MMM describes itself as a “community of ordinary people, selflessly helping each other, a kind of the Global Fund of mutual aid”.
“This is the first sprout of something new in the modern soulless and ruthless world of greed and hard cash. The goal here is not the money. The goal is to destroy the world's unjust financial system,” says the website.
MMM describes the system as a “technical basic program, which helps millions of participants worldwide to find those who need help, and those who are ready to provide help for free”.
To create a personal account people must donate a sum of money which would allegedly be paid to an existing user who had made a donation request. For the given money participants are granted with a number of “Mavros ” – MMM digital currency – equivalent to the sum which was donated.
It is claimed that twice a week the system pays interest on users’ Mavros accounts – up to 30 percent per month. Users can request an ever-increasing sum of money equivalent to the number of Mavros they have.
In his weekly online address to South Africa Mavrodi positively assessed the current developments of MMM in the country.

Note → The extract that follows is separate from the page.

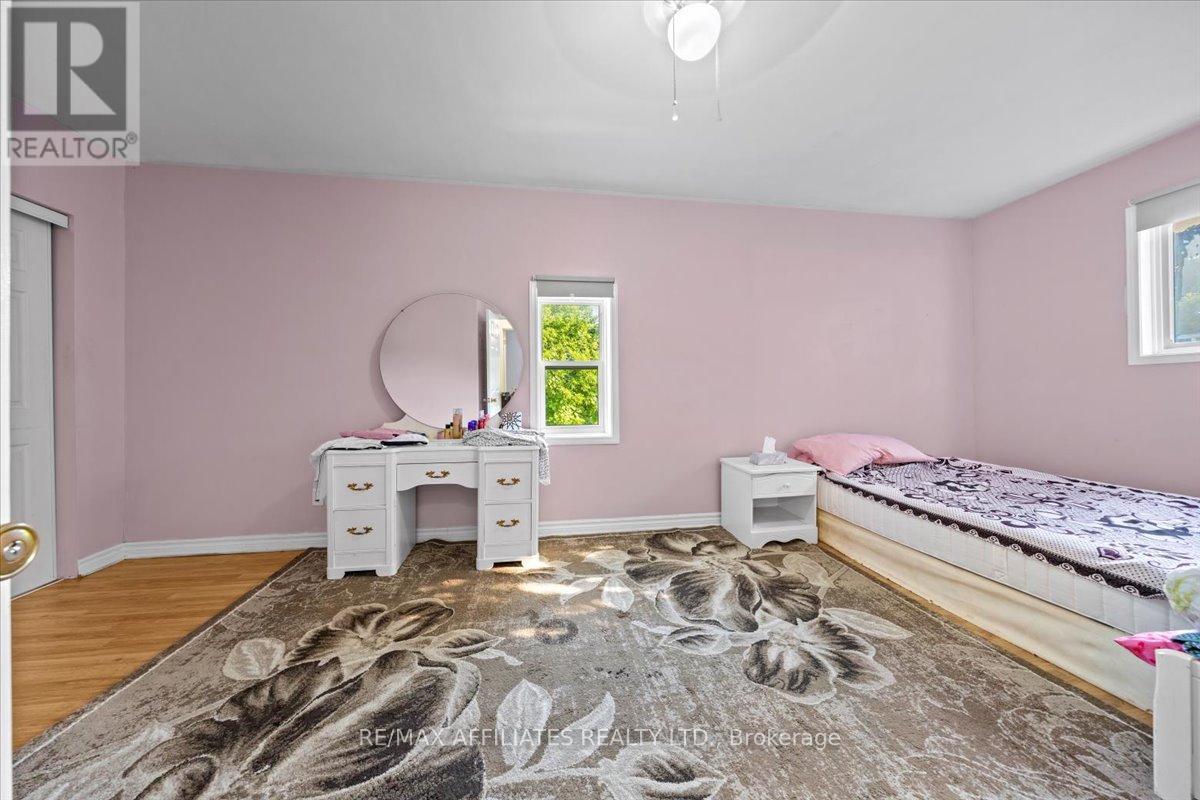 Photo 18 of 310 Shakespeare Street, Ottawa ON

“Everything is wonderful in South Africa. The dynamics of the development are high. The participants and managers are active… Everybody is paid,” he said.
MMM claims that South Africa is just one of many countries in which the pyramid scheme operates. The website reports about MMM activities in Russia, Ukraine, India, Indonesia and other countries. It also had a presentation in Maseru, Lesotho, on August 1.
The MMM South Africa page in Facebook has more than 22,000 likes showing that the scheme is popular.
Sergey Mavrodi is known for creating the biggest finance pyramid in Russia which collapsed in 1994 leaving thousands (according to some unofficial estimates – millions) of people without their money. According to further estimates, MMM clients lost over $100,000 million.
After the collapse of MMM, which was a classic Ponzi scheme, Mavrodi disappeared. He was found and arrested in Moscow in 2003. In 2007 he was sentenced to 4.5 years in prison but was released having spent all the time between his arrest and judicial verdict in prison.
After his release Mavrodi created a number of financial pyramids such as MMM-2011 and MMM-2012. Both of them collapsed shortly afterwards.